Menu
Edit Template

Retour sur le Concept de Politicide

J’aimerais revenir ici sur le concept de politicide  (ou policide) objet de mon blog du 17 février dernier, qui ne semble pas avoir soulevé l’intérêt des lecteurs (en admettant qu’il en eut).

Les massacres de masse commis par Israël en 1948, tels celui de Deir Yassine et Tantura, visaient clairement à pousser les palestiniens à s’enfuir pour permettre l’établissement de colons israéliens sur leurs terres.  Les bombardements de l’aviation et de l’artillerie israéliennes de 2004, 2006, 2009, 2012 et 2014 qui tuaient à l’aveuglette, visaient à punir les Ghazaouis pour les actions militaires de la Résistance, notamment les tirs de roquettes sur Israël a partir de Gaza,  et les attentats de la seconde Intifada entre 2000 et 2005. Les bombardements de Gaza, qui tuent sans distinction  femmes, enfants et vieillards et détruisent leurs maisons et leurs infrastructures éducatives,  sanitaires, économiques, politiques etc…depuis octobre 2023, s’expliquent par le désir de vengeance aveugle qui s’est emparé d’Israël suite à l’attaque (d’une violence inouïe) du 7 octobre, contre leur forteresse qu’ils croyaient inviolable.

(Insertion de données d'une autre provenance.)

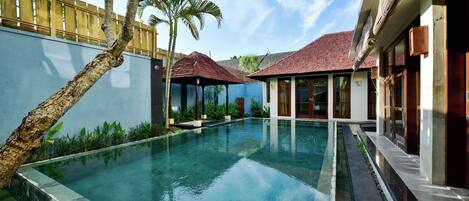 A swimming pool with a clear blue water surface, surrounded by a low wall and a wooden fence.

D’où le sentiment d’ humiliation qui a exacerbé la soif de vengeance et causé les destructions de vies et de biens et les déclarations à caractère génocidaire de certains dirigeants israéliens qui ont conduit la Cour Internationale de Justices  et la Cour Pénale Internationale à mettre en garde Israël contre les dérives génocidaires de ses actions et à inculper deux de ses dirigeants pour crimes contre l’humanité. La réaction excessive, passionnelle  d’Israël  justifie les accusations de génocide contre ce pays, elles mêmes non dépourvues de passion.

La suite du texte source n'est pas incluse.